Bonus points: she is an expert on mermaids. Can it get better than this? But
into this explosively delicious new relationship a little darkness must
fall, and the drama then twists like a fishtail on the tensions occasioned by
unpredictable turns. Mehta is a fine director (Bollywood/Hollywood) with a
daunting challenge - that is, transforming an accomplished novel by a
cherished novelist into the stuff that screens are made of. It's not a
perfectly executed act but it is stunningly beautiful and full of the kinds
of well-acted performances you want your favourite fictional characters to
April 1 Gaz Bar Blues
(Canada 2003) 115 min.
English sub-titles. [IMAGE]
Directed by Louis Bélanger.
With Réal Bossé, Gaston Caron, Sébastian Delorme, et al.
Recently reviewed with glowing critical approval, this gentle comedy
perfectly captures life on the run. More precisely, it captures life at the
pump. Set in a small traditional Quebec town, the kind you drive through on
the way to Montreal, the movie is all about the gas/gaz station and the
family that manages it. The 'Boss' has three sons, each with his own
attitude and dream. Rejean resents working the pumps and longs to be a
photographer. Guy has equally arty notions about himself, yearning to make
music. The youngest, Alain, simply wants to be a man. Life has its gentle
rhythms; townspeople come and go to fill 'er up and chat about anything and
everyone. Their dialogue, fueled by nicotine, is familiar and hilarious. But
nothing stays the same: the kids age and get restless, the pace of life
accelerates, computers threaten to transform the local operation, and the
family patriarch must cope with modernity whether he wants to or not.
Critics love this film because it shows so effectively how a small-town
focus can be about universal experience It takes a clever director, a good
script, and great sense of the important daily details to produce such an
effect. Gaz Bar Blues is a model of independent filmmaking; perfectly
executed entertainment for the thinking auto mechanic.
April 8 Les Triplettes de Belleville
(France/Belgium/Canada/UK 2003), 81 min.
Directed by Sylvain Chomet.
With the voices of Michelle Caucheteux, Jean-Claude Donda, Michel Robin,
Monica Viegas, Beatrice Bonifassi and Charles Prevost Linton.

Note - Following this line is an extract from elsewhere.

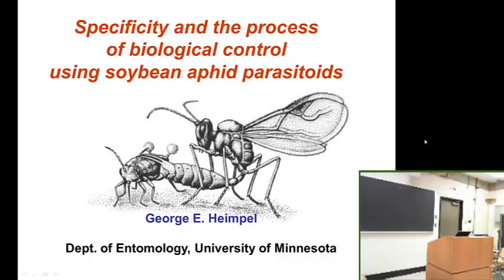George grew up in California and went to UC Berkeley for undergrad, then got a master's in applied ecology at the University of Delaware, and came back to California to UC Davis for a PhD in J. Rosenheim's lab. Now George is at Minnesota where he's a professor working primarily on classical and conservation biological control, usually with parasitoid wasps. Today he'll be speaking on the specificity and process of biological control using a thin parasitoid.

Nothing less than an international sensation, a tour
de force of animation that breaks the mould, The Triplets of Belleville is a
masterpiece. Sure there's a plot, something involving a French cyclist named
Champion who is abducted by a gang of mobsters, but it's all about the
telling, not the story. The cyclist's grandmother, the brazen Madame Souza,
seeks to rescue her grandson with the force of a hurricane. With her beloved
dog Bruno and the three titular singing sisters by her side, Souza sets out
to satisfy a heroic quest. There is hardly any dialogue -this ain't no
Nemo-- but there is movement, movement, movement. There is also serious
location, location, location and attendant social realism, astonishing for
an animated film with such fantastic happenings. Madame Souza and Champion
are working class and their lives are informed by small needs and big
dreams. But what really elevates this film to the circles of Oscar-worthy
attention is the cinematic exuberance of it all. That said, the style is
impossible to describe. We have never seen anything remotely like this in
all its magical, haunting, grotesque, dark, comic, melancholy, spooky,
gorgeous fullness, and on the big screen it will simply blow your mind.
Fasten your dentures: Les Triplettes de Belleville is a wild wild ride.